Am zweiten Tage nach ihrer Ankunft, in den Vormittagsstunden, saßen die beiden Damen in dem Zimmer der jungen Gräfin. Sie hatten soeben Nachrichten von den Ihrigen empfangen und hielten die Briefe geöffnet in der Hand, aber diese schienen wenig Erfreuliches zu bringen, denn Wanda sah sehr ernst aus, und die Miene der Fürstin war finster und sorgenvoll, als sie endlich die Zuschriften ihres Bruders und Leo’s aus der Hand legte.

„Wieder zurückgeworfen!“ sagte sie mit unterdrückter Bewegung. „Sie waren schon bis an das Herz des Landes vorgedrungen, und nun stehen sie wieder an der Grenze. Noch immer keine Entscheidung, kein nennenswerther Erfolg! Man möchte verzweifeln.
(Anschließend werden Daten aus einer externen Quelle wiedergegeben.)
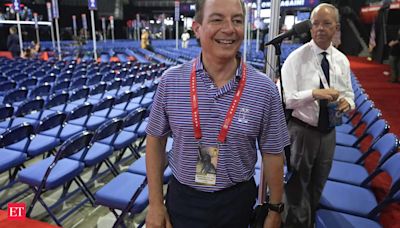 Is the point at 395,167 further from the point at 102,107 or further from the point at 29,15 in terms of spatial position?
the point at 29,15

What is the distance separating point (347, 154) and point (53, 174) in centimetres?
288

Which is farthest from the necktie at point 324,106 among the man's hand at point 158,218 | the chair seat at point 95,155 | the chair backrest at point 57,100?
the chair backrest at point 57,100

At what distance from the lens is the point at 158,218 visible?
4.76 feet

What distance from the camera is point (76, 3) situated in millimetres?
27406

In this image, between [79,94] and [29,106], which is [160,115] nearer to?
[29,106]

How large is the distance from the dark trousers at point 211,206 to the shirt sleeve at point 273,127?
199mm

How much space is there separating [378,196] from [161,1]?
3126 cm

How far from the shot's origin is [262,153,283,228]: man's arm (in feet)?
4.54

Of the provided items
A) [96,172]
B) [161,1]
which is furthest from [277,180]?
[161,1]

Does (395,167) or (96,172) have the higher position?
(395,167)

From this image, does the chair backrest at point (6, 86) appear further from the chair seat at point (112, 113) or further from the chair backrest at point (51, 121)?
the chair backrest at point (51, 121)

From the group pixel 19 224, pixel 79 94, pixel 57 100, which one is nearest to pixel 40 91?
pixel 79 94

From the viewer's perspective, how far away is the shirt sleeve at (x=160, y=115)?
138 cm

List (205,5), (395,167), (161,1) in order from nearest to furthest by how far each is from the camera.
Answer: (205,5) → (395,167) → (161,1) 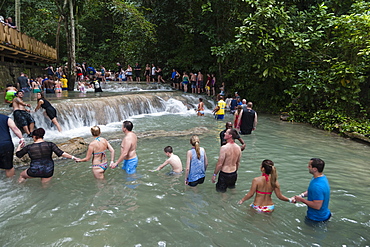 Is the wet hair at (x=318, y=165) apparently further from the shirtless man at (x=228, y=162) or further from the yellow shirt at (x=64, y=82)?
the yellow shirt at (x=64, y=82)

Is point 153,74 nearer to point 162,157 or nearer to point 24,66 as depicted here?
point 24,66

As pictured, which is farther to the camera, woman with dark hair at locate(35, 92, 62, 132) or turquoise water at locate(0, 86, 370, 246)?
woman with dark hair at locate(35, 92, 62, 132)

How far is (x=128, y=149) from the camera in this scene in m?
6.07

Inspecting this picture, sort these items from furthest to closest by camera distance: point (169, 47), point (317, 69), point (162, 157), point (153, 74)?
point (169, 47), point (153, 74), point (317, 69), point (162, 157)

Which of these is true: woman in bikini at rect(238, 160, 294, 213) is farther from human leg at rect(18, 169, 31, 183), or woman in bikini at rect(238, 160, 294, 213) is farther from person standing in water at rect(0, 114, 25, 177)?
person standing in water at rect(0, 114, 25, 177)

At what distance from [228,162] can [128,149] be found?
240 centimetres

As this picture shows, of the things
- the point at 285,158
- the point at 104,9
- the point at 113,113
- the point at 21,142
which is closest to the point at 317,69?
the point at 285,158

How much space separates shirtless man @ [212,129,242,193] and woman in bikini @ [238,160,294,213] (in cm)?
82

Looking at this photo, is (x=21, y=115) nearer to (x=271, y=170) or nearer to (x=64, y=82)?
(x=271, y=170)

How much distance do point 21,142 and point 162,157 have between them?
12.3ft

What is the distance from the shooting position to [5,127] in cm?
573

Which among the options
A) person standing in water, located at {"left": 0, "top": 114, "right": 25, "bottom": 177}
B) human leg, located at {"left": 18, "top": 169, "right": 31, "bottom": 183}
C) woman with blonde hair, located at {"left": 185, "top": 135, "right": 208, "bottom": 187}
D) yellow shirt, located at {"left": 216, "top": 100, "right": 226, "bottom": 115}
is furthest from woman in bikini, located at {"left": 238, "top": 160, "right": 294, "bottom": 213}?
yellow shirt, located at {"left": 216, "top": 100, "right": 226, "bottom": 115}

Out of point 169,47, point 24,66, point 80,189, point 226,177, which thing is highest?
point 169,47

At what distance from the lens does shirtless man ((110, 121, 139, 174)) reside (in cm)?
596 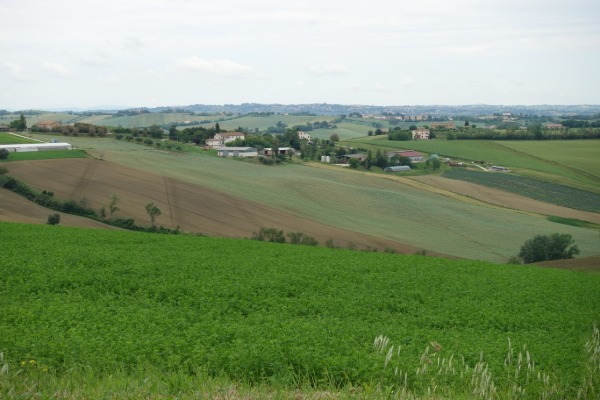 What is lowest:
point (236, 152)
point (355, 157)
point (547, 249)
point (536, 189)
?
point (547, 249)

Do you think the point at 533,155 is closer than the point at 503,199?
No

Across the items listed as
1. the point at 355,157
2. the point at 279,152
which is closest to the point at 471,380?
the point at 279,152

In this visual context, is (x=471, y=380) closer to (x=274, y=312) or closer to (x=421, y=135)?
(x=274, y=312)

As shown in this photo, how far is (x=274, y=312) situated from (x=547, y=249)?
A: 31846 millimetres

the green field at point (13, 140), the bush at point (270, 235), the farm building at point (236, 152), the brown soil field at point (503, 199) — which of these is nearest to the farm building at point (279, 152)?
the farm building at point (236, 152)

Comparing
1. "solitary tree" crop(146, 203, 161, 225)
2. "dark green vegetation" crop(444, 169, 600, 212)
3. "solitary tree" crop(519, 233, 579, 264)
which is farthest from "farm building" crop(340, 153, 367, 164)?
"solitary tree" crop(146, 203, 161, 225)

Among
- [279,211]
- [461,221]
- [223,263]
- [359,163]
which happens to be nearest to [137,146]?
[359,163]

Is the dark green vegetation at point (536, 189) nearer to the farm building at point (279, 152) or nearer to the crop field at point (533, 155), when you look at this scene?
the crop field at point (533, 155)

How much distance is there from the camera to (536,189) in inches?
2616

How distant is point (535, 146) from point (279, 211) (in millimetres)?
64916

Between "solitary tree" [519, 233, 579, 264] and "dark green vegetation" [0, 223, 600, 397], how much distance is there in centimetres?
1726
Wanda ließ gleichfalls das Blatt sinken, das sie in der Hand hielt. „Der Vater schreibt in sehr düsterem Tone,“ entgegnete sie. „Er reibt sich fast auf in dem ewigen Kampfe mit all den widerstreitenden Elementen, die er vergebens zusammenzuhalten sucht. Alles will befehlen, Niemand gehorchen; die Uneinigkeit wächst unter den Führern – was soll noch daraus werden!“

„Dein Vater läßt sich allzu sehr von dem düsteren Zuge beherrschen, der nun einmal in seinem Charakter liegt,“ beruhigte die Fürstin. „Es ist doch am Ende natürlich, daß ein Heer von Freiwilligen, das auf den ersten Ruf zu den Waffen eilt, nicht die Ordnung und Disciplin einer wohlgeschulten Armee haben kann. Das will gelernt und geübt sein.“

Wanda schüttelte trübe das Haupt. „Der Kampf währt nun schon drei Monate und auf jedes glückliche Gefecht haben wir drei Niederlagen zu verzeichnen. Jetzt verstehe ich erst die schmerzliche Bewegung des Vaters beim Abschiede; sie galt nicht der Trennung allein. Er ging schon damals ohne die rechte Hoffnung des Sieges.“

„Bronislaw hat von jeher Alles im Leben zu schwer genommen,“ beharrte die Fürstin. „Ich hoffte mehr von Leo’s steter Gegenwart und seinem Einfluß auf den Oheim. Er hat noch die volle Spannkraft und Begeisterung der Jugend; ihm heißt jeder Zweifel an dem Siege unserer Sache Verrath. Ich wollte, er konnte seine unerschütterliche Siegeszuversicht auch den Anderen mittheilen – es thut ihnen Noth.“

Sie zog den Brief ihres Sohnes wieder hervor und sah nochmals hinein. „Leo wird trotz alledem glücklich sein,“ fuhr sie fort. „Mein Bruder hat endlich seinen Bitten nachgegeben und ihm ein selbstständiges Commando anvertraut. Er steht mit seiner Schaar nur zwei Stunden von der Grenze entfernt – und die Mutter und die Braut dürfen ihn nicht auf eine einzige Minute sehen.“

„Um Gotteswillen, bringe Leo nicht auf solche Gedanken!“ fiel Wanda ein. „Er wäre im Stande, das Unsinnigste, Tollkühnste zu begehen, um ein Wiedersehen möglich zu machen.“

„Das wird er nicht,“ versetzte die Fürstin ernst. „Er hat strengen Befehl, nicht von seinem Posten zu weichen, und also bleibt er. Aber was schreibt er Dir denn eigentlich? Der Brief an mich ist sehr kurz und flüchtig; der Deinige scheint desto mehr zu enthalten.“

„Er enthält sehr wenig,“ erklärte die junge Gräfin mit sichtbarem Unmuthe. „Kaum das Nothwendigste von dem, was uns, die wir unthätig auf die Entscheidung harren müssen, das Wichtigste ist. Leo zieht es vor, mir seitenlang über seine Liebe zu schreiben, und findet mitten im Toben des Krieges noch Zeit genug, sich und mich mit seiner Eifersucht zu quälen.“

„Ein seltsamer Vorwurf in dem Munde einer Braut!“ bemerkte die Fürstin mit leisem Spotte. „Eine Andere würde stolz und glücklich sein, wenn sie selbst in solchen Zeiten noch alle Gedanken ihres Verlobten beherrscht.“

„Es handelt sich um einen Kampf auf Leben und Tod, und da verlange ich Thaten vom Manne – nicht Liebesschwüre,“ sagte Wanda energisch.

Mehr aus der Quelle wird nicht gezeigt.